Cameron Jan 30th 2010 8:59AM
Also in regard to the "cool" factor. The majority of the jocks at my school play WoW and actually talk about it quite a bit.
Manic Soul Jan 30th 2010 11:16AM
"Several months later, I'd like to continue the series by tackling the topic of teens. "
Anybody else think this sounds like we might have mutant children that grew from toddlers to teens in mere months, a la The Search For Spock?
My nerd imagination thought it sounded funny :)
Whyisretgimped Jan 30th 2010 11:40AM
As a professional educator I can tell you that playing WoW is bad for children. It encourages addictive behavior, offers very poor development of problem solving skills, discourages reading (the game makes it an annoyance instead of something fun or worthwhile to do), and also encourages behavior which leads to obesity. The frequency one encounters racist, violent, and sexually explicit language in the game (from chat channels) is enough reason to keep your children away from WoW by itself.
There are a host of better games one could have their children play instead. Games like Civilization, Age of Empires, and Starcraft are the exact opposite of WoW. They encourage problem solving, give excellent practice in creative thinking, and can expose children to real world content in subjects they will learn about in school (well maybe not Starcraft for this).
If you want your child to grow up to be a fat zombie, go ahead and let them play WoW. Otherwise, stick to games that are actually designed to engage one's brain instead of shut it off.
lisapoisso Jan 30th 2010 11:58AM
Plenty of other professional educators might disagree with your view.
http://www.wow.com/2009/07/14/15-minutes-of-fame-learn-to-game-to-game-to-learn/
Robin Torres Jan 30th 2010 12:00PM
"The frequency one encounters racist, violent, and sexually explicit language in the game (from chat channels) is enough reason to keep your children away from WoW by itself."
From that logic, you shouldn't let your children go to school either.

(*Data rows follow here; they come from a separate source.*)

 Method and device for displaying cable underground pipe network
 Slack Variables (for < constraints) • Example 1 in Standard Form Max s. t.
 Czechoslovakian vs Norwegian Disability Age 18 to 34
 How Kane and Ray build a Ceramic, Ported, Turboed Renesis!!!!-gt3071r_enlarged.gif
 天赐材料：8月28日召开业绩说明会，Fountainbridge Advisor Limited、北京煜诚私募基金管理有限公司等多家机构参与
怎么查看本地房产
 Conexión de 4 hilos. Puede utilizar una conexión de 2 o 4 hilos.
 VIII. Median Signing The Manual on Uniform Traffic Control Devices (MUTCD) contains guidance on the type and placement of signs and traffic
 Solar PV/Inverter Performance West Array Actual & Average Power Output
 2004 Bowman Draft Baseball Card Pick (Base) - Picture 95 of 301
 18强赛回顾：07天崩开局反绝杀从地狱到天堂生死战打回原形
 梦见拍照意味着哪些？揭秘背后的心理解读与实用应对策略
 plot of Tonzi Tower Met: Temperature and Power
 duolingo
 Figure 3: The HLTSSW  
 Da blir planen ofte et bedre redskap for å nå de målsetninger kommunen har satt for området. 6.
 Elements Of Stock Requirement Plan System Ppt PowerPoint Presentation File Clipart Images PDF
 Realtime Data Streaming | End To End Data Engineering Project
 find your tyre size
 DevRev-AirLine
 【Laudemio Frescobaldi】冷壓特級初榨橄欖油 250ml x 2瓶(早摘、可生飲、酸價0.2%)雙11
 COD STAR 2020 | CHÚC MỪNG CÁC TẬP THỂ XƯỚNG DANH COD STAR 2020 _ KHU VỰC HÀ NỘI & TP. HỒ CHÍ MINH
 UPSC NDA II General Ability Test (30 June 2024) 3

The frequency one encounters racist, violent, sexually explicit language, homophobia and personal attacks in the halls, cafeterias, etc. in schools is enough to make trade chat look completely harmless in comparison.
After you have read the most basic fundamentals of the games you suggest, you have to read even less than you do in WoW. They also encourage sedentary behavior. And are you seriously telling me Civilization isn't addictive? They use it's addictiveness as a selling point: "Just one more turn". Most people i know when they first picked up Civ stayed up all night playing that game, even with school the next day.
The games you suggest can all be played offline, which means no other human interaction. One of the great benefits of having your teen play an MMO is that he is not isolating himself, but instead practicing social skills, developing friends and learning the advantages of teamwork.
There is also quite a bit of problem solving in WoW as well as strategy. The big battlegrounds such as AV and Wintergrasp are all about strategy.
It's up to the parents and professional educators to teach teens how to balance their lives so that they are getting plenty of fresh air, exercise and other skills they need to thrive. With proper discipline, a teen can learn how to control his desire to escape into games of any kind so that he knows how to handle it when he gets out on his own.
I stand by everything I said in this column.
justanotherhunter Jan 30th 2010 12:42PM
My daughter and I played wow, for about 3 years. We both enjoyed it. we have always played computer games together. We made the leap to MMOs together. It was our common interest thing. And there were some life lessons along the way. Mostly anger control, and learning to deal with selfish, angry, childish people in a positive way.
We ground our way from casuals to raiders in a top 10 server guild. We had lots of fun along the way. But as all good things do end, it was time to move on. Our guild started to have lots of drama, just a hint to you guys, If you have a pompus spoiled baby in your guild, kick them. They may be a good player, your best healer/tank, but they will tear the soul out of your guild.
She is off to college now, with a tough study schedual so she is too busy to devote wow ammounts of time to a game. Without here there there was no point in my sticking around. Heck my guild was imploding. How many more dailys and raid mat grinds could i take alone :P.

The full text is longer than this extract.